Module `stikpetP.tests.test_sign_ps`

Expand source code

import pandas as pd
from scipy.stats import binom
from statistics import NormalDist
from ..other.table_cross import tab_cross

def ts_sign_ps(field1, field2, levels=None, dmu=0, method="exact"):
    '''
    Sign Test (Paired Samples)
    --------------------------
    This test compares the number of pairs that have a difference above the hypothesized difference, with those below the difference. It can be considered an alternative for the paired samples t-test.
    
    Parameters
    ----------
    field1 : pandas series
        the ordinal or scale scores of the first variable
    field2 : pandas series
        the ordinal or scale scores of the second variable
    levels : list or dictionary, optional
        the levels from field1 and field2
    dmu : float, optional
        the hypothesized difference between each pair. Default is 0.
    method : {"exact", "appr"}, optional
        test to be used. Default is "exact".
        
    Returns
    -------
    Dataframe with:
    
    * *n pos*, the number of pairs with a difference above dmu
    * *n neg*, the number of pairs with a difference below dmu
    * *statistic*, the test statistic (only applicable if method="appr")
    * *p-value*, the p-value (significance)
    
    Notes
    -----
    If method="exact" the binomial distribution will be used.

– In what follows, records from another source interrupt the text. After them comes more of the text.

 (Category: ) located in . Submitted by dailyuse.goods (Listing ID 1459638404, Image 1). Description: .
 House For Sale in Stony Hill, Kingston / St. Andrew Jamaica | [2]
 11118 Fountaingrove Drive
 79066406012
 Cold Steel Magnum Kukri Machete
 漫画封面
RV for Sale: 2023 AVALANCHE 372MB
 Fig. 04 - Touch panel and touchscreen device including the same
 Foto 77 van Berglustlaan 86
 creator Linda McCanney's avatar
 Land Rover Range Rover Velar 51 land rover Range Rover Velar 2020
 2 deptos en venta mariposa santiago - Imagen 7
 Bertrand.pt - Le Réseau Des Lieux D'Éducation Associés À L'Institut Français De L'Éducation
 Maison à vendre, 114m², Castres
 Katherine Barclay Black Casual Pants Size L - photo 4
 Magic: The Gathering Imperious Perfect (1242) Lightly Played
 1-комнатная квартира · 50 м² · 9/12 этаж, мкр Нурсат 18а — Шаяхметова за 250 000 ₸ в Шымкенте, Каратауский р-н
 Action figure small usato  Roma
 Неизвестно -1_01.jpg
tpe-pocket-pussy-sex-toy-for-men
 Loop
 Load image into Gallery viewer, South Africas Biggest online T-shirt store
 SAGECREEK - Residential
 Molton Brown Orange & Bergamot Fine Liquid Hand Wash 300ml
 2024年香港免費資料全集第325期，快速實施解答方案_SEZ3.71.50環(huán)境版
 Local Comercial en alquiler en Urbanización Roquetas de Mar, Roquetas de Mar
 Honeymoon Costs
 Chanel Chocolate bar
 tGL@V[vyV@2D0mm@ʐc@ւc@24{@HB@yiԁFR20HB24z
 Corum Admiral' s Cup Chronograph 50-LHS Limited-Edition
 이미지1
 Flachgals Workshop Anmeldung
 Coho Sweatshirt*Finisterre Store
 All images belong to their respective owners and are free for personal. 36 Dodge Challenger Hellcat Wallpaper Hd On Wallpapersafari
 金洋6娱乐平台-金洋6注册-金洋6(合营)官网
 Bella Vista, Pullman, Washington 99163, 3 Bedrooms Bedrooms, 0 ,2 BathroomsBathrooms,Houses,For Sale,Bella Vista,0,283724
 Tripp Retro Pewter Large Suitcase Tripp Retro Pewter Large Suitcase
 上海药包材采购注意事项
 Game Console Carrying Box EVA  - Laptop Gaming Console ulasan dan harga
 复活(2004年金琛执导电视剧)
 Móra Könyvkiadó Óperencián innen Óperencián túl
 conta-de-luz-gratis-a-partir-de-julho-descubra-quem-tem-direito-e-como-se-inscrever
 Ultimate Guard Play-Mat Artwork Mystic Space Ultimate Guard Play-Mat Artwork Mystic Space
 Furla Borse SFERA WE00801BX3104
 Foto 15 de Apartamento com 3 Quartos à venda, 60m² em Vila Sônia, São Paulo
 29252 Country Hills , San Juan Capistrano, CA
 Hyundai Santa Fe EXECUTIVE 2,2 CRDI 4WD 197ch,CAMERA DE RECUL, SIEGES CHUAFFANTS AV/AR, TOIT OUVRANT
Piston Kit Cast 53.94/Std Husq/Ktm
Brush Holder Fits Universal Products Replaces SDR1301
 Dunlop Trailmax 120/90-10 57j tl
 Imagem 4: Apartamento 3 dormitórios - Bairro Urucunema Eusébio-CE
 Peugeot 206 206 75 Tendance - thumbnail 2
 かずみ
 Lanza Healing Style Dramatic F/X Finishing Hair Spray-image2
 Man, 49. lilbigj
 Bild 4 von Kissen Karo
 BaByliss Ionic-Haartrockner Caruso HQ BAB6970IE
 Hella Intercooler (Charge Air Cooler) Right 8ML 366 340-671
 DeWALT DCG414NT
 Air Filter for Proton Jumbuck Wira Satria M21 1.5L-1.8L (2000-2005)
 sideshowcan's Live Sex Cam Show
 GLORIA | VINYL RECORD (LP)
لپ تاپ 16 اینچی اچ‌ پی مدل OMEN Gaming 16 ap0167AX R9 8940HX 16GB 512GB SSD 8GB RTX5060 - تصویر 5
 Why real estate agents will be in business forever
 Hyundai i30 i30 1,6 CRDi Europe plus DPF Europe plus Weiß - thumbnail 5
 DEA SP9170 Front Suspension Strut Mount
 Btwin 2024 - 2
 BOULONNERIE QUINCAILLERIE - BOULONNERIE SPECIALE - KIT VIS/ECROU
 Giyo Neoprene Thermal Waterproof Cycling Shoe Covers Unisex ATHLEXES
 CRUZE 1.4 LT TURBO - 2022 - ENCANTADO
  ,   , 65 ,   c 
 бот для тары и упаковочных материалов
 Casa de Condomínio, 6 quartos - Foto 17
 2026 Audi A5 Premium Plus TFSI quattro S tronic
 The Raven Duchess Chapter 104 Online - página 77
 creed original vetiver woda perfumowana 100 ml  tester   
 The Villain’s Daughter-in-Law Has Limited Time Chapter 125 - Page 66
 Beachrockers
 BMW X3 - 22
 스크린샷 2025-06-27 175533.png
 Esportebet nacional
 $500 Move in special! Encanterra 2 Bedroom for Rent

The formula used is (Dixon & Mood, 1946):
    $$sig. = 2\\times Bin\\left(n, \\min\\left(n_{pos}, n_{neg}\\right), \\frac{1}{2}\\right)$$
    
    When using the approximation, the standard normal distribution is used (SPSS, 2006, p. 483):
    $$z = \\frac{\\max\\left(n_{pos}, n_{neg}\\right)-0.5\\times\\left(n_{pos} + n_{neg}\\right)-0.5}{0.5\\times\\sqrt{n_{pos}+n_{neg}}}$$
    $$sig. = 2\\times\\left(1 - \\Phi\\left(\\left|z\\right|\\right)\\right)$$
    
    With:
    $$n_{pos}=\\sum_{i=1}^n \\begin{cases} 1 & \\text{ if } d_i>d_{H0} \\\\ 0 & \\text{ if } d_i\\leq d_{H0} \\end{cases}$$
    $$n_{neg}=\\sum_{i=1}^n \\begin{cases} 1 & \\text{ if } d_i\\geq d_{H0} \\\\ 0 & \\text{ if } d_i<d_{H0} \\end{cases}$$
    $$d_i = x_i - y_i$$
    
    The test was already described by Arbuthnott (1710)
    
    *Symbols used*
    
    * \\(n\\), is the number of cases unequal to a difference of 0
    * \\(n_{pos}\\), the number of pairs with a difference greater than the null hypothesis
    * \\(n_{neg}\\), the number of pairs with a difference greater than the null hypothesis
    * \\(d_{H0}\\), the difference according to the null hypothesis, usually 0
    * \\(x_i\\), is the i-th score from the first variable
    * \\(y_i\\), is the i-th score from the second variable
    * \\(\\text{Bin}\\left(\\dots\\right)\\), is the binomial cumulative distribution function
    * \\(\\Phi\\left(\\dots\\right)\\), is the cumulative distribution function of the standard normal distribution

    References
    ----------
    Arbuthnott, J. (1710). An argument for divine providence, taken from the constant regularity observed in the births of both sexes. *Philosophical Transactions of the Royal Society of London, 27*(328), 186–190. doi:10.1098/rstl.1710.0011
    
    Dixon, W. J., & Mood, A. M. (1946). The statistical sign test. *Journal of the American Statistical Association, 41*(236), 557–566. doi:10.1080/01621459.1946.10501898
    
    SPSS. (2006). SPSS 15.0 algorithms.

    Author
    ------
    Made by P. Stikker
    
    Companion website: https://PeterStatistics.com  
    YouTube channel: https://www.youtube.com/stikpet  
    Donations: https://www.patreon.com/bePatron?u=19398076   
    
    
    '''
    
    ct = tab_cross(field1, field2, order1=levels, order2=levels)
    k1 = ct.shape[0]
    k2 = ct.shape[1]
    
    if levels is not None:
        #replace row labels with numeric score
        ct = ct.reset_index(drop=True) 
        ct.columns = [i for i in range(0, k2)]
    
    npos = 0
    nneg = 0
    for i in range(0, k1):
        for j in range(0, k2):
            if i != j:
                if ct.index[i] - ct.columns[j] > dmu:
                    npos = npos + ct.iloc[i, j]
                elif ct.index[i] - ct.columns[j] < dmu:
                    nneg = nneg + ct.iloc[i, j]
                
    nc = nneg + npos
    nMin = npos
    nMax = nneg
    
    if nneg < npos:
        nMin = nneg
        nMax = npos
    
    if method == "exact":
        z = None
        p = 2 * binom.cdf(nMin, nc, 0.5)
    elif method=="appr":
        z = (nMax - 0.5 * nc - 0.5) / (0.5 * (nc)**0.5)
        p = 2 * (1 - NormalDist().cdf(abs(z)))
    
    res = pd.DataFrame([[npos, nneg, z, p]])
    res.columns = ["n pos", "n neg", "statistic", "p-value"]
    
    return res

Functions

def ts_sign_ps(field1, field2, levels=None, dmu=0, method='exact')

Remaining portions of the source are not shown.